Ainda que se alegue que o exame servia para aferir o que os estudantes tinham aprendido, o que surgiu na verdade foi uma preparação para o ves­tibular, uma distorsão absoluta dos supostos obje­tivos do exame. Com isso, os três escassos anos do ensino médio se tornaram simplesmente uma longa prévia da tortura psicológica que estaria por vir no final do terceiro ano.
Fui matricular certa vez meus filhos recém-alfabetizados numa escola de classe média em São Paulo e perguntei à diretora qual era a linha educacional do estabelecimento.

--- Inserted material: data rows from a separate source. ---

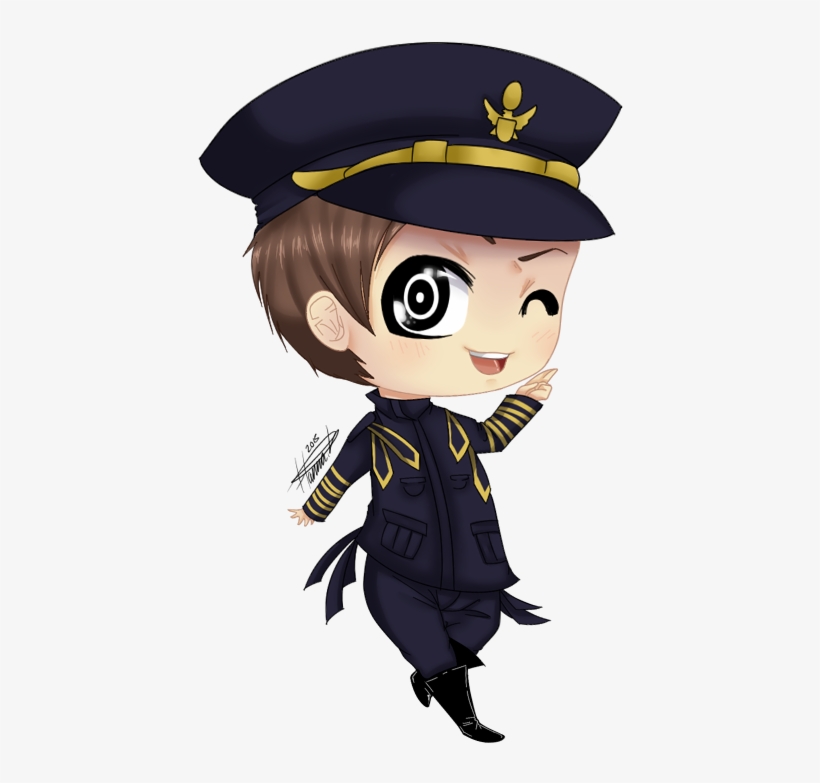 Marianasousanekomala Mariana Sousa Deviantart - Rap Monster Fanart Dope, transparent png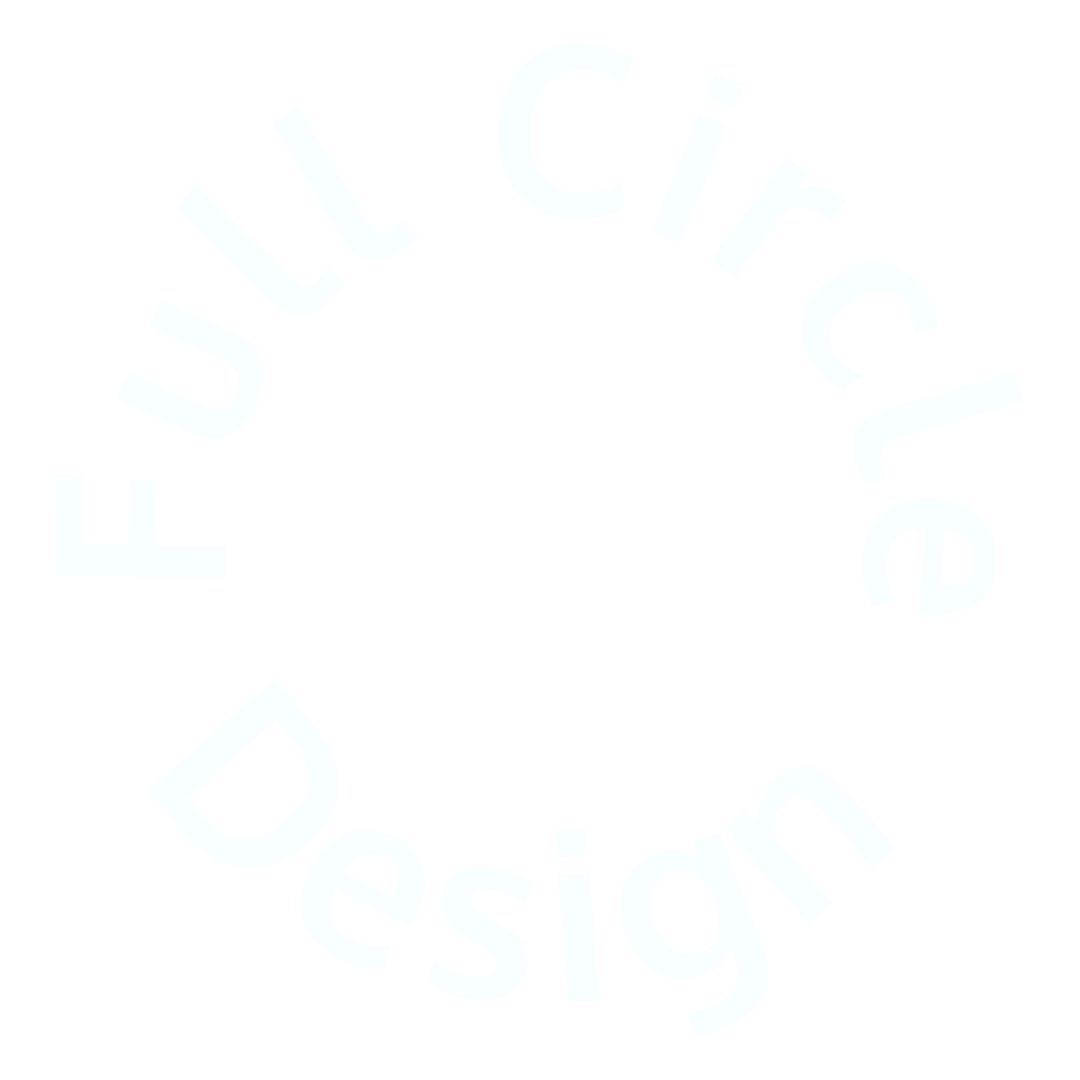 Full Circle Design Circle Text Logo.png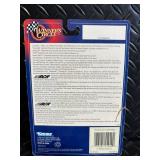 Dale Earnhardt NASCAR Collectibles - Winners Circle Die-Cast Cars, Lifetime Series, Mug & Banner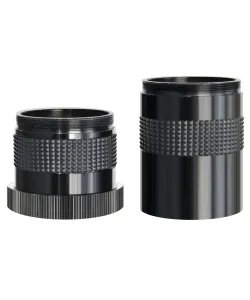 Kaamera adapter M35/T2 for MC/MCX100/127, BRESSER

Ela res­pondeu sem titubear: "Aprovar nossos alunos no vestibular". Saí correndo de lá com as crianças.
O ENEM se configura como uma interessante ferramenta de avaliação do ensino médio e, ao con­trário do vestibular, não tem como gerar uma in­dústria de cursinhos, apostilas etc. Sua metodologia rejeita as questões pontuais, conteudísticas, e apela muito mais para as habilidades cognitivas do candi­dato. Na prova de linguagem, por exemplo, nada de nomenclatura gramatical, análise sintática e outras idiotices do gênero, mas questões que tentam mo­bilizar o raciocínio lógico, a intuição linguística e a capacidade de leitura e interpretação de textos.
Agora, a perguntinha boba: por que a mídia faz tanto alarde quando ocorre alguma falha no ENEM? E a respostinha ainda mais boba: porque ela se en­trega de corpo e alma ao lobby poderoso da indús­tria do vestibular. Essa indústria tem seu máximo representante no bilionário grupo Objetivo, espa­lhado por todo o território nacional, do qual sur­giu outra excrescência, a Unip, que de universidade tem só o nome. Quem acha que Globo, Veja, Esta­dão e caterva poderiam resistir aos vestibudólares dessa indústria? Quem acha que nossa mídia vendi­da vai apoiar o que quer que seja que venha de um governo que tenta retirar das oligarquias seus bens mais preciosos?